And you respond accordingly… by lashing back. You may start hurling disrespectful remarks back at the person who hurt you. Longer term, you may choose to carry on a feud or unmercifully tighten the reins of control on your environment. Feeling in crisis mode, your emotions do not consult logic or heed the voice of prudence. They simply go into crisis-response mode.
Without the inner equilibrium that comes from working on our middos and our acceptance of Hashgocha, the way we respond to what we mistakenly identify as a crisis has the power to cause far-reaching damage.
Every Minute Counts
You may be tempted to start lifting weights or running marathons to help you be better equipped to deal with whatever physical crisis may one day present itself. I’m not saying that such preparation is a bad idea. But it may be unnecessary. If and when such a time comes, your body will know how to summon the qualities you’d need to see you through.

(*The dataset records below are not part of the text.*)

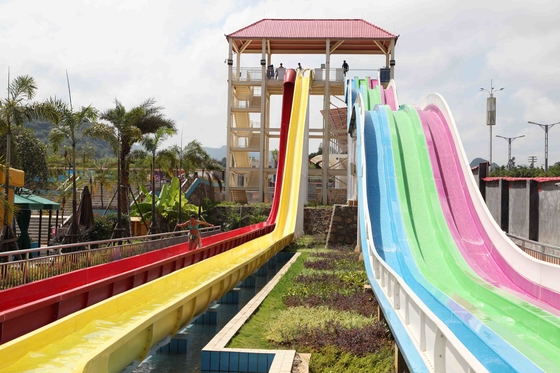 Het Waterdia's van de roestvrij staalglasvezel met Regenboogkleur voor Jonge geitjes/Volwassenen in Waterpark
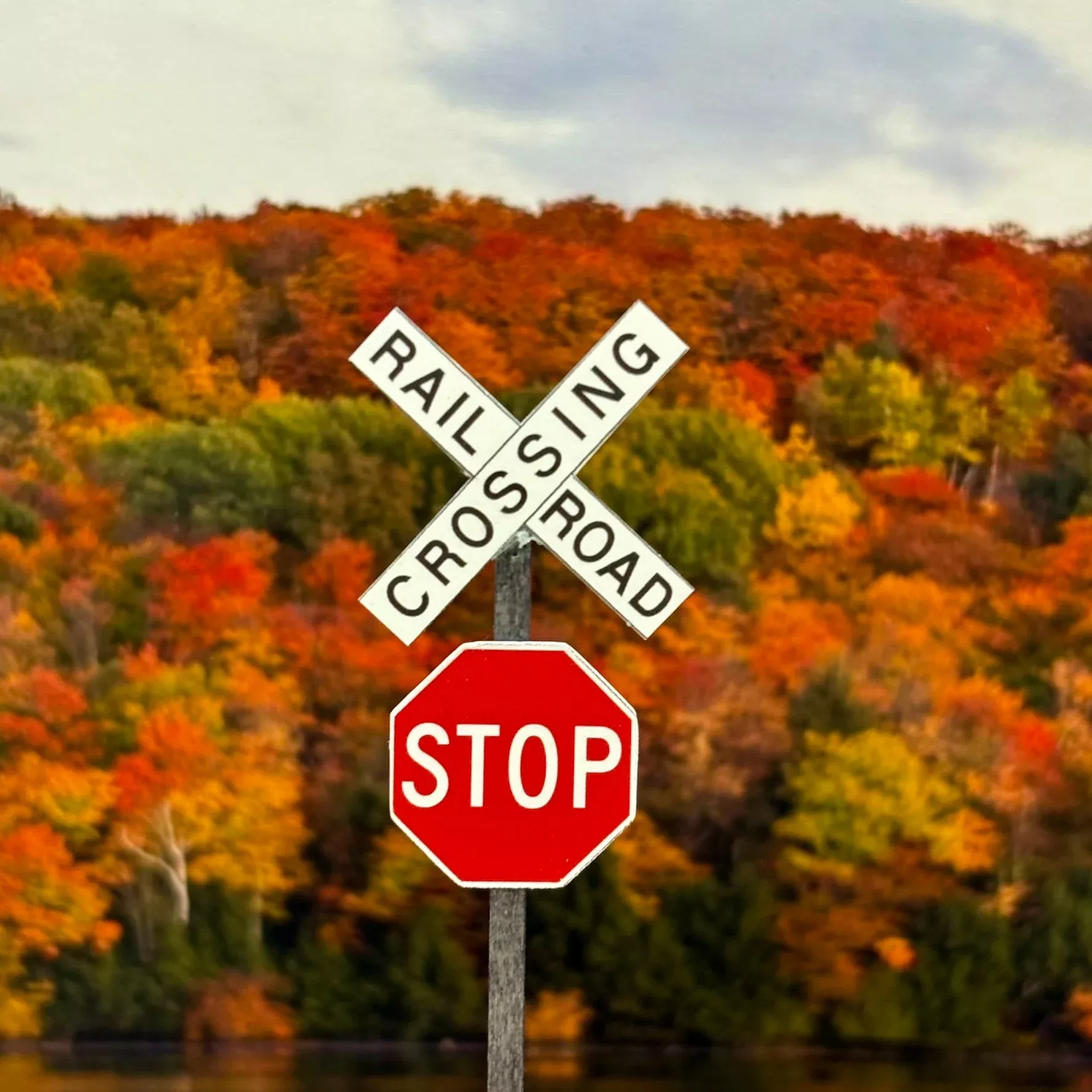 N Scale - Modern Crossbucks with Modern Stop Sign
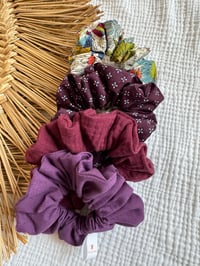 Image 1 of Chouchou Emma Violet / fleuri tournesol 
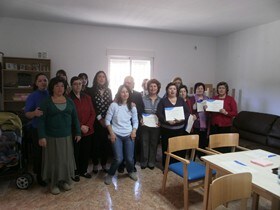 Igualdad entrega los diplomas de un Curso de Cuidados Básicos de Enfermería en Chercos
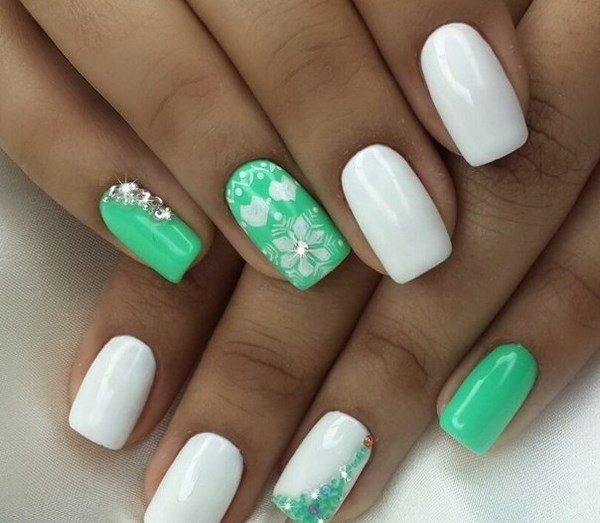 Модный белый маникюр 2026 – фото, новинки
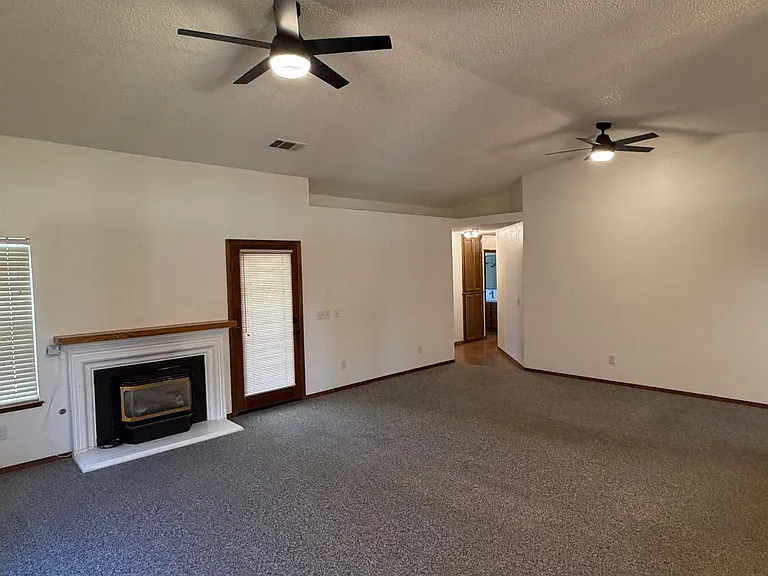 5933 W Iris Ct — Photo 14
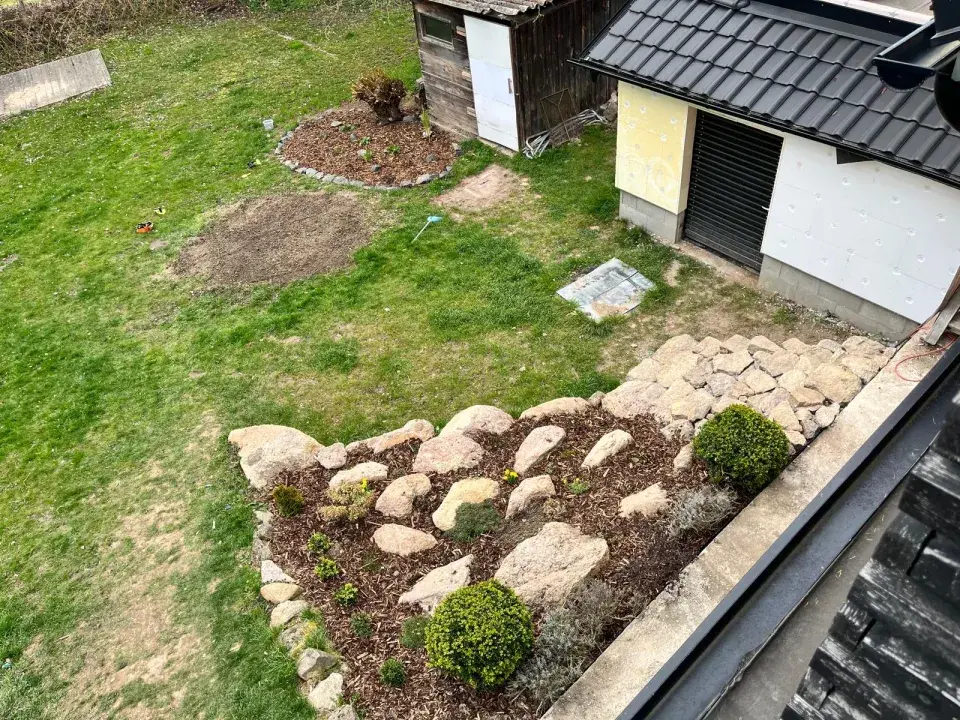 stavba skalky a schodů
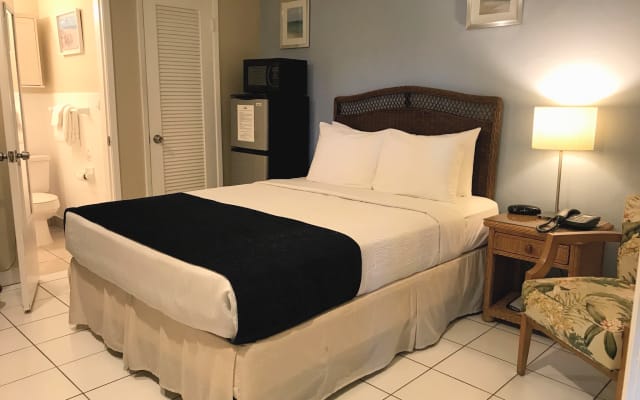 Small Hotel Room w/Queen bed - Boutique Hotel Centrally Located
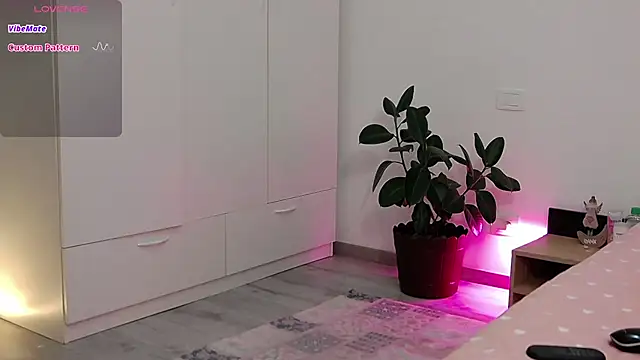 YourSweetSinn online show from October 16, 2025, 6:16 pm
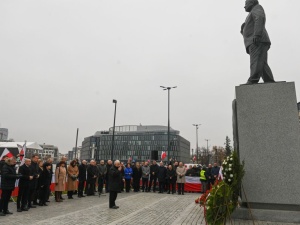 Można oblepiać pomnik smoleński prowokacyjnymi naklejkami? Jest reakcja policji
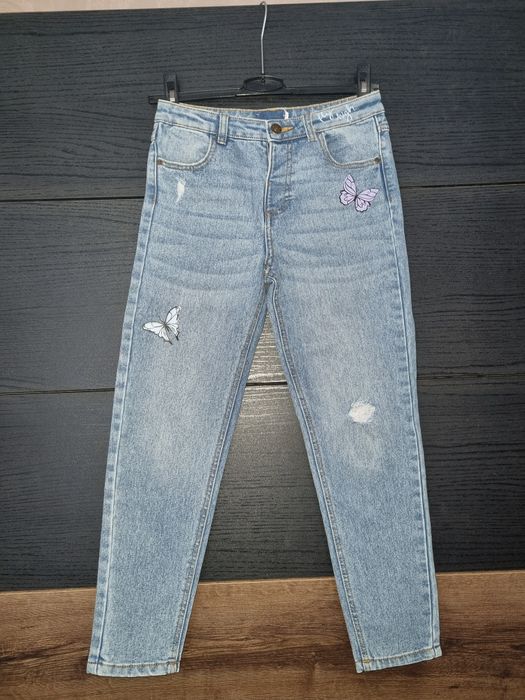 Продавам Детски дънки за момиче като нови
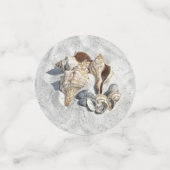 Een Collectie Seashells op Sand Confetti (Kleine voorkant)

When it comes to the other kind of crisis, however, every minute of exercise counts.
Every mussar talk attentively ingested, every bit of time spent devising strategies for keeping your head when something rattles you, every honest moment of admitting defeat and gamely try again… none of it goes to waste. That’s because emotional challenges crop up all the time, and we need to be prepared to meet them appropriately. We need to be able to properly identify a crisis and then cool-headedly figure out the best approach for handling it. For those of us not blessed with an ice-cold temperament, this will not happen by itself.
Strengthening our characters and our spiritual tools now is the best way to ensure that we’ll be able to trust ourselves to handle whatever the future may throw at us down the road.
So that, when that time comes, we’ll be able to proudly feature as the heroes and heroines of our own stories.